Il se tait un instant. Durant cette pause mélancolique, un rire de jeune fille en profite pour se faufiler jusqu'à nous. Je tourne la tête: non loin de la forêt, à la lisière, se trouve un hameau. Une fête s'y déroule, mêlant le grand feu crépitant aux éclats de voix. Hommes et femmes dansent la ronde tout autour.

-Vois-tu celle avec le chignon, à la robe immaculée comme à un mariage..?
C'est elle qui rit. Les cheveux châtains presque bruns attachés en un simple mais beau chignon, dans lequel on a glissé une lys.

-Oui, tu la vois. Elle se nomme Ysmel. N'est-elle pas sublime, ainsi comblée,autour des siens..?

-Oui.
Je ne suis pas aussi charmée que mon interlocuteur, cependant. Lui la dévore du regard. Je réalise tout à coup le silence qui règne. Tout me semble plus doux, plus serein... Et j'en comprends vite la raison: les Anges se sont tus. Est-ce parce-que j'ai quitté la réalité, parce-que j'ai rejoint leur monde?
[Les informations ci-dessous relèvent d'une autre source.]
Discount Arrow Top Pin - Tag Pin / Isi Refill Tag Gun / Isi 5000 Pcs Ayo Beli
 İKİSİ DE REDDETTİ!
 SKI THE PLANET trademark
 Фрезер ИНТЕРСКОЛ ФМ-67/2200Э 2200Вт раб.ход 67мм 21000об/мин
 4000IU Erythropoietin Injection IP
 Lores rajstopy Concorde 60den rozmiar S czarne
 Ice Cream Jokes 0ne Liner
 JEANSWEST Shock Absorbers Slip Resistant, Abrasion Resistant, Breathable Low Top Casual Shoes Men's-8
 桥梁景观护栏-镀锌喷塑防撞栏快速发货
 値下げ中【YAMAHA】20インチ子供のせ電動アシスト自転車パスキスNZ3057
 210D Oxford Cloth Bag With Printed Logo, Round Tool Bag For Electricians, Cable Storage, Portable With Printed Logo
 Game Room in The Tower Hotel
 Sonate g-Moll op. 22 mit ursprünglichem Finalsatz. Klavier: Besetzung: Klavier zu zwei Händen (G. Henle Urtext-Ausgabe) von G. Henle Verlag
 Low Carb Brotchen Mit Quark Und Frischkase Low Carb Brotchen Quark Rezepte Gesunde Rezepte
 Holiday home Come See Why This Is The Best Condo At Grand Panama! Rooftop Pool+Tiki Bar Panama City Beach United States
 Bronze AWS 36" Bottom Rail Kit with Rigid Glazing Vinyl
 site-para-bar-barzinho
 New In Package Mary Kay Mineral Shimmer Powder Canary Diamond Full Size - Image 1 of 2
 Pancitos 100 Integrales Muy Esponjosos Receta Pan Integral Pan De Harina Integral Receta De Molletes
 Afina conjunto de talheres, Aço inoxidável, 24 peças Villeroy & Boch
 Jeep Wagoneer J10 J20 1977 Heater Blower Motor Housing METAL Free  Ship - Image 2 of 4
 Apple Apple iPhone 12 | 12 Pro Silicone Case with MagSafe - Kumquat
-J'aime Ysmel. Mais elle, elle ne le voit pas. Je suis trop ennuyeux, trop laid, trop susceptible, trop agaçant pour lui plaire. Elle est pleine de grâce, moi brutal et sans délicatesse..! Regarde donc: tandis que tous l'aiment, moi je vis dans la forêt.

-Déclarez-lui votre flamme.

Il fait un écart soudain, empourpré.

-Mais non! Enfin, je... Te rends-tu chez les Anges, au Ciel?

-Oui.

-Alors tu es sur la bonne voie! Ce lieu se nomme le Terminus. Terminus de la réalité, tout le monde descend! Exceptés les audacieux comme toi,ma chère... Avant de continuer ton chemin, ne désires-tu pas jeter un dernier coup d'oeil en arrière?

Son interminable bras désigne un lac juste derrière le pin. A la lumière de la lune, l'eau prend une allure de diamant. De temps à autre, la surface frémit, parcourue par les caresses amoureuses d'un peu de brise. L'habitant du Terminus poursuit en s'y dirigeant:

-Il faut savoir ce que tu risques de perdre en quittant ta chère réalité. Fais comme les autres, descend au Terminus, et tu retrouveras ta vie normale.

...Et être de nouveau malade, prise pour folle? Hors de question. Tout ceci n'est que délire, alors jouons le jeu jusqu'au bout.

-Regarde ce que tu perdras. Sache ce que tu quittes en avançant," insiste-t-il.

Comme il me l'incite, je me penche vers le lac argenté pour y contempler mes derniers lambeaux de normalité. Je distingue quelques poissons aux écailles ternes qui ondulent juste sous la surface. Leurs queues s'agitent sans nervosité. Dans quelle aventure je me lance? Je l'ignore. Je veux juste me jeter dans la folie. Voir jusqu'où elle m'emmènera. Il y a le rire d'Ysmel, là-bas, qui me rappelle combien je suis ignorante. Je ne connais rien de l'amour, il est vrai. De la vie en général, pour être franche. Pour cette raison, je veux découvrir le Ciel, l'étrange, la violence. Tout à coup le lac vibre tout entier. Son eau se métamorphose en cristal; soudain un gigantesque miroir émerge juste sous mon nez.

Il me donne les dernières nouvelles du monde que je quitte.